Receptor | Compound | Donor Atom | Receptor Atom | Distances (Å) |
2OW1 | CEMBL82047 | LEU188:H | UNK900:O2 | 1.84939 |
ALA189:H | UNK900:O2 | 2.5637 |
GLN402:HE22 | UNK900:O5 | 2.04371 |
UNK900:H29 | ALA189:O | 2.21685 |
CEMBL381163 | LEU188:H | UNK900:O3 | 2.73564 |
GLN402:HE22 | UNK900:O7 | 1.84541 |
HIS411:HD1 | UNK900:O4 | 2.63353 |
UNK900:H22 | ALA189:O | 2.04562 |
JNJ0966 | LEU188:H | UNK900:N3 | 2.7175 |
UNK900:H1 | MET422:O | 2.01943 |
MMP9IN1 | GLN227:HE21 | UNK900:N2 | 2.6066 |
UNK900:H11 | TYR245:O | 1.90625 |
Table 3
π-Related Interaction Parameters for Each Compound with MMP9.

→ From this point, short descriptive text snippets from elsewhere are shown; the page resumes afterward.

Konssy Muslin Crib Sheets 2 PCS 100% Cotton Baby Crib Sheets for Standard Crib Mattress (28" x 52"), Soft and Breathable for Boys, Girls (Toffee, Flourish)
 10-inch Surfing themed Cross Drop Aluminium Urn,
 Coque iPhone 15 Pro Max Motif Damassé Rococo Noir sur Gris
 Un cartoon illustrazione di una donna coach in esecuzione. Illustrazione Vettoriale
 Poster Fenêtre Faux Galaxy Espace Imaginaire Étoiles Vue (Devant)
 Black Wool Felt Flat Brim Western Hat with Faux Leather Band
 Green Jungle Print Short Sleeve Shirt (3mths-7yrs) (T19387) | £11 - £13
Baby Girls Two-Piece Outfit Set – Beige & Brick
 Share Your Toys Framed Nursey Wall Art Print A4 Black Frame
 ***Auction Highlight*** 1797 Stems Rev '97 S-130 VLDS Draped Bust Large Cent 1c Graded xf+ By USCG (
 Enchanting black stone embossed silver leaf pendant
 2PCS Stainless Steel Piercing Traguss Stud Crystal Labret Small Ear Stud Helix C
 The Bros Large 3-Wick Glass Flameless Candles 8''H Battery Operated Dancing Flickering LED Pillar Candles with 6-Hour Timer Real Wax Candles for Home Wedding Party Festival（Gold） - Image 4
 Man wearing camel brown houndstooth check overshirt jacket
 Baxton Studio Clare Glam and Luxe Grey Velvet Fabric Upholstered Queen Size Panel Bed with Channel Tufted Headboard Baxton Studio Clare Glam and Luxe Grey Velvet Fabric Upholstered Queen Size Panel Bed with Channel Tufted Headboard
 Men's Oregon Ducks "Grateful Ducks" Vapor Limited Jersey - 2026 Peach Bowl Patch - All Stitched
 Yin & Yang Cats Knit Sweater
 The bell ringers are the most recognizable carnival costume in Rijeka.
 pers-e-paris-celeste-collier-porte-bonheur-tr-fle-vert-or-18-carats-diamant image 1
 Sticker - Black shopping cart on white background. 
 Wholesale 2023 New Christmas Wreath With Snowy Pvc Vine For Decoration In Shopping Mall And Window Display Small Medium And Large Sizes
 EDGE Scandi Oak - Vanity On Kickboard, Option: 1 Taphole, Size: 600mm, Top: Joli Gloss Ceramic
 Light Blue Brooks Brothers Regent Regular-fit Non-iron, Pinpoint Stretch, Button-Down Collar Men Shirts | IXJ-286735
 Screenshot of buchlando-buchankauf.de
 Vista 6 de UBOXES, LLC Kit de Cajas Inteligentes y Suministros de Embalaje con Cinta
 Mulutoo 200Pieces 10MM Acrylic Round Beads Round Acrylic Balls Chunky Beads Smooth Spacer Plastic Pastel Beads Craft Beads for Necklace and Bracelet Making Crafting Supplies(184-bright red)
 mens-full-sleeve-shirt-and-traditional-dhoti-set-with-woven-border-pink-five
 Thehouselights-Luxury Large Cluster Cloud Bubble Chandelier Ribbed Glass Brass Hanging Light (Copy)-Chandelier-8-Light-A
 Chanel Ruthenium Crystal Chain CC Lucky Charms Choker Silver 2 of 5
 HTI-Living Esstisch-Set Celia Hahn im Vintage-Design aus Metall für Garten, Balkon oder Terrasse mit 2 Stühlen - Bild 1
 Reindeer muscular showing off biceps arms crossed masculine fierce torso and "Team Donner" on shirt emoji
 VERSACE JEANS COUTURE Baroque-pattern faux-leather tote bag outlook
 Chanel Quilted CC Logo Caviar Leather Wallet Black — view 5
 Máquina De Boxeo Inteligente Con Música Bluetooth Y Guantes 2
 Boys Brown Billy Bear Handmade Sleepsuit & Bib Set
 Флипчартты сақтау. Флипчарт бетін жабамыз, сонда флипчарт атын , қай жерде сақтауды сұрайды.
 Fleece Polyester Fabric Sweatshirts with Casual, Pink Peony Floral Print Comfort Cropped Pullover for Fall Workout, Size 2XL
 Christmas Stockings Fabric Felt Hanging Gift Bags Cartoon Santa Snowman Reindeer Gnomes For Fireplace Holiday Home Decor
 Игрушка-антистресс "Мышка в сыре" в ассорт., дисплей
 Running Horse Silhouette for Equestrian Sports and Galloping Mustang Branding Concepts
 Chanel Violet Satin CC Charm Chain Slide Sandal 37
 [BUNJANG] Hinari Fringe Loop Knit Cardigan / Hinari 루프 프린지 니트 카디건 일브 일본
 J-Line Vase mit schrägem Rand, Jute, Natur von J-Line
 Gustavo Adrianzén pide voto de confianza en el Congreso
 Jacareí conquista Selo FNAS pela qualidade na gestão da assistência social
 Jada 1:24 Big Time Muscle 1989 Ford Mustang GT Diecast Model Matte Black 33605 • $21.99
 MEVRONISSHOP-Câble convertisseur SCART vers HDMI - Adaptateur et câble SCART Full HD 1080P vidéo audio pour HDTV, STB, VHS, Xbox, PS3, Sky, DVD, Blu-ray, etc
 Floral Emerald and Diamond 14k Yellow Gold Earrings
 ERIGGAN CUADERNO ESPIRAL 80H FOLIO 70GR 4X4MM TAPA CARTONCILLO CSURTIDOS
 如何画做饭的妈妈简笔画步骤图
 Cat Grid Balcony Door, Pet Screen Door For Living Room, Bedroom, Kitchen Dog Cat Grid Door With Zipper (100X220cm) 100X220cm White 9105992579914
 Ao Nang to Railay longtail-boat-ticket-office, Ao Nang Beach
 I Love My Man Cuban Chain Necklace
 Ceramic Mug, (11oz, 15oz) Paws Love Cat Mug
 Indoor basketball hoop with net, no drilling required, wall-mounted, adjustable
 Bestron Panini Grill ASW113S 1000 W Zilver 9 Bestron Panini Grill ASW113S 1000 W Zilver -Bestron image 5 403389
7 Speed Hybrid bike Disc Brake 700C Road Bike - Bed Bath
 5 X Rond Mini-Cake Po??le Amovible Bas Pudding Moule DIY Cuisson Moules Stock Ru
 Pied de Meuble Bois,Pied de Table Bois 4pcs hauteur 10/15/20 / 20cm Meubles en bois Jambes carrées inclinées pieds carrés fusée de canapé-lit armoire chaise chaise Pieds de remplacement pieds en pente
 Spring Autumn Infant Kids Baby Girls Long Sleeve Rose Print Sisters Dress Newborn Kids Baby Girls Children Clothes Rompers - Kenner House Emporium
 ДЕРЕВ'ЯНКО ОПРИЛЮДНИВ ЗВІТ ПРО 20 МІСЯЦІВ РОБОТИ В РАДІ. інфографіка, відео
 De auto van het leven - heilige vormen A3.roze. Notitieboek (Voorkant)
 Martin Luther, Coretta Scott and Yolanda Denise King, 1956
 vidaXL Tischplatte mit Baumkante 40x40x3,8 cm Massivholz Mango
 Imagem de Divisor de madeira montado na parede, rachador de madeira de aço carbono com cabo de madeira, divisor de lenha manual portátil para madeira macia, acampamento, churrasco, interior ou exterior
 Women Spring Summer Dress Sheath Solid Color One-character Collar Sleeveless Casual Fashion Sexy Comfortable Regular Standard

Receptor | Compound | Donor Atom | Receptor Atom | Distances(Å) |
2OW1 | CEMBL82047 | HIS401 | UNK900 | 4.2886 |
UNK900:C15 | LEU187 | 4.82839 |
UNK900 | LEU188 | 5.32252 |
UNK900 | VAL398 | 4.8719 |
CEMBL381163 | UNK900:H4 | HIS401 | 2.77631 |
UNK900:C1 | LEU397 | 4.16409 |
UNK900:C14 | LEU187 | 4.4138 |
PHE110 | UNK900:C15 | 4.14676 |
HIS411 | UNK900 | 5.04727 |
TYR423 | UNK900:C1 | 4.81758 |
UNK900 | LEU188 | 4.80899 |
JNJ0966 | HIS401 | UNK900 | 4.00463 |
UNK900 | TYR423 | 5.5835 |
ALA189 | UNK900:C9 | 3.89591 |
UNK900:C9 | LEU188 | 4.59029 |
UNK900:C9 | VAL398 | 4.42465 |
UNK900 | LEU188 | 4.21123 |
UNK900 | VAL398 | 4.71999 |
UNK900 | LEU397 | 5.13481 |
UNK900 | LEU418 | 5.36355 |
MMP9IN1 | UNK900 | LEU243 | 5.32463 |
Molecular dynamics simulation
Molecular dynamics simulation is a method for simulating the physical motion trajectories and states of atoms and molecules based on Newtonian mechanics. We build a molecular dynamics simulation module to evaluate the stability of small molecule-protein complexes under natural environment conditions. Figure 6C-D shows the potential energy and RMSD plots for each complex. The trajectories of each complex reached equilibrium, and the potential energy and RMSD of complexes CEMBL82047-MMP9 and CEMBL381163-MMP9 reached a steady state over time. That means the complexes can exist stably in the natural environment.